Records from a data source »
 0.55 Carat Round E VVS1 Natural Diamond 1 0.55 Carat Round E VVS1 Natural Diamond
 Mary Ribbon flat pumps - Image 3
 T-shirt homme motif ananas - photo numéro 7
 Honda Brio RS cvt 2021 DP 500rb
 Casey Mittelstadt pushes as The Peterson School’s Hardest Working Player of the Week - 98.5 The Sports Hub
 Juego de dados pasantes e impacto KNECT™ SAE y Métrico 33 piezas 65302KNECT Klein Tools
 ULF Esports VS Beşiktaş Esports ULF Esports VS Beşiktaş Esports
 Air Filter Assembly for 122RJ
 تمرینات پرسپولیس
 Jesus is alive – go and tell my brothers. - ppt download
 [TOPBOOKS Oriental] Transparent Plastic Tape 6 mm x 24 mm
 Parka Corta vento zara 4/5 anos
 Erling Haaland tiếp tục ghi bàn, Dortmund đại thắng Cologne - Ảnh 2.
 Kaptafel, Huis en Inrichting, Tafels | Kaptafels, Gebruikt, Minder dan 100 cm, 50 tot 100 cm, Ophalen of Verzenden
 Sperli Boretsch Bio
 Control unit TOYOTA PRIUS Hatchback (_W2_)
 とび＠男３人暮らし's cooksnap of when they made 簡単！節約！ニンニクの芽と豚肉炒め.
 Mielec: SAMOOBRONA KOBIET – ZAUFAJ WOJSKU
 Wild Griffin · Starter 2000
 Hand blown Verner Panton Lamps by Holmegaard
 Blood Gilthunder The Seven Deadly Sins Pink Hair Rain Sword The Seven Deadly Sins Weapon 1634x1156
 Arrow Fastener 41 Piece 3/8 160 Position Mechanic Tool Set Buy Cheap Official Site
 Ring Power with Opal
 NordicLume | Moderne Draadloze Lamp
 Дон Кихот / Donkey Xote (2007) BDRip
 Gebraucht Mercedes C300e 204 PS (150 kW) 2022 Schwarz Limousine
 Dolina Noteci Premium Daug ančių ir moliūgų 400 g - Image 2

TASK INSTRUCTIONS » Take every line from the data that includes the word "Image".

EXERCISE ANSWER »
 Mary Ribbon flat pumps - Image 3
 Dolina Noteci Premium Daug ančių ir moliūgų 400 g - Image 2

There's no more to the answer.